Exercise data:
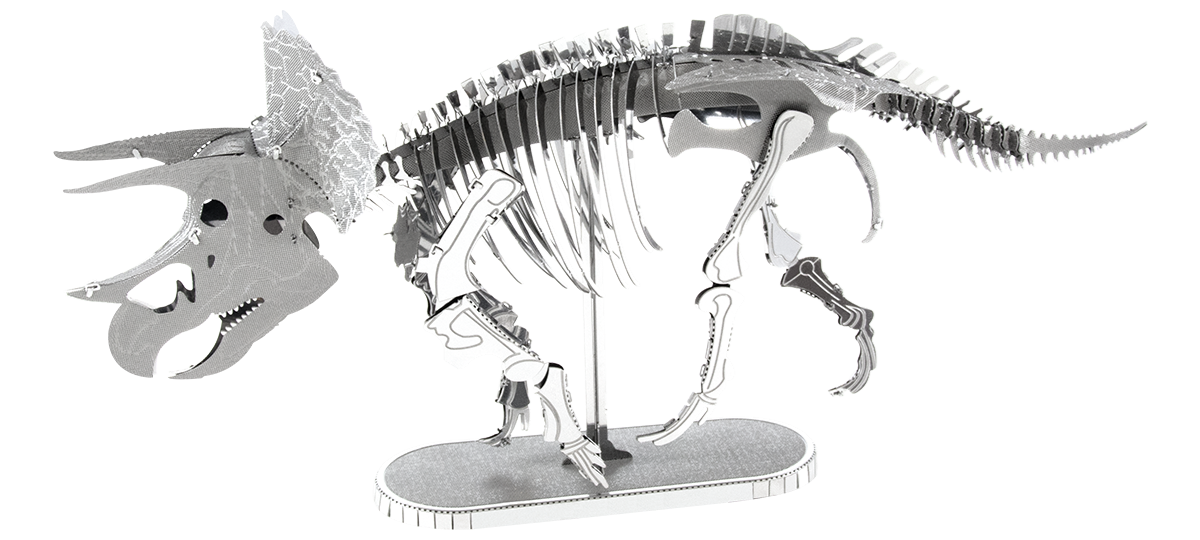 Triceratops Skeleton - Game On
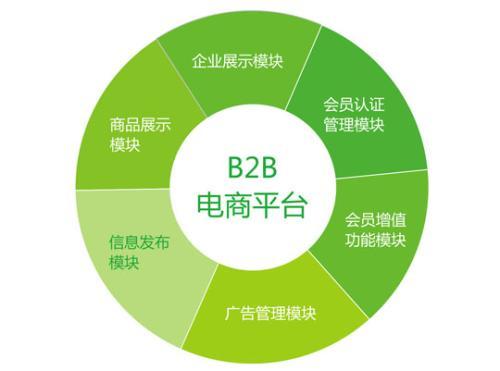 為什么需要定制的b2b網站系統建設方案?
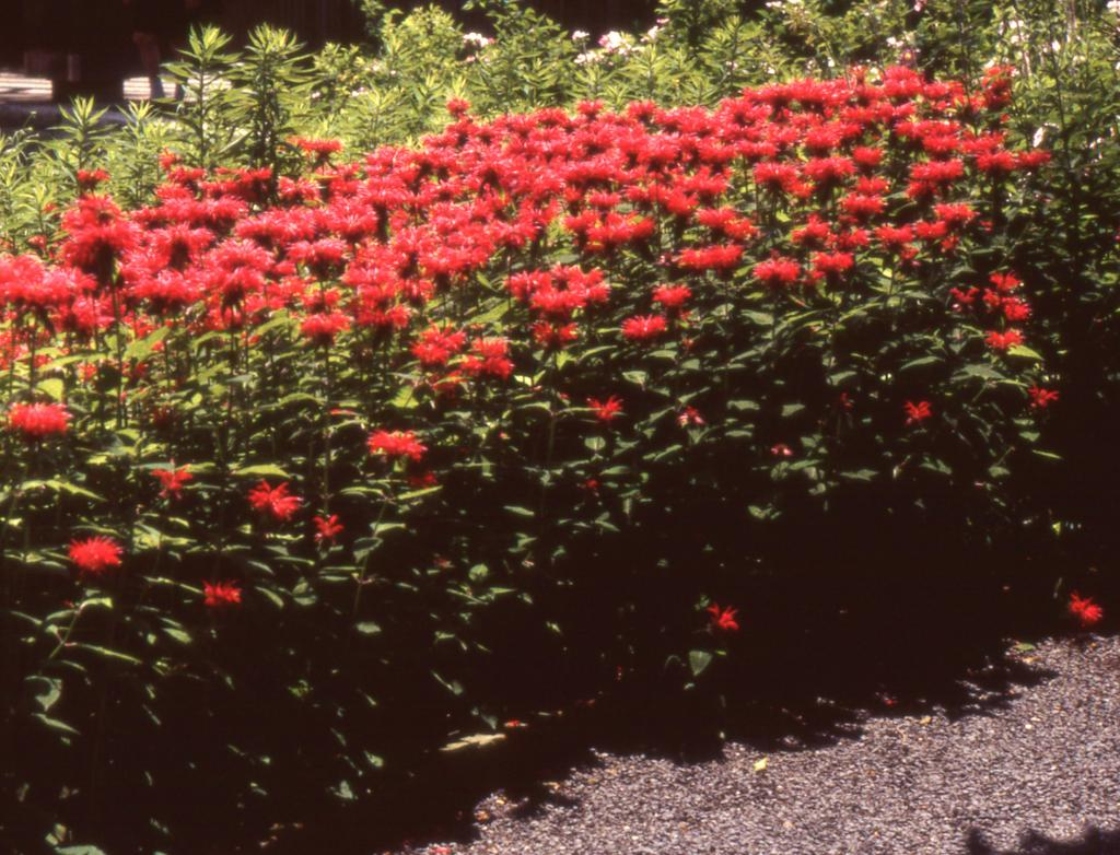 Monarda didyma L. (beebalm), form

Your objective: Your task is to reproduce all of the material exactly. The pictures stay out.

Task answer:
 Triceratops Skeleton - Game On
 為什么需要定制的b2b網站系統建設方案?
 Monarda didyma L. (beebalm), form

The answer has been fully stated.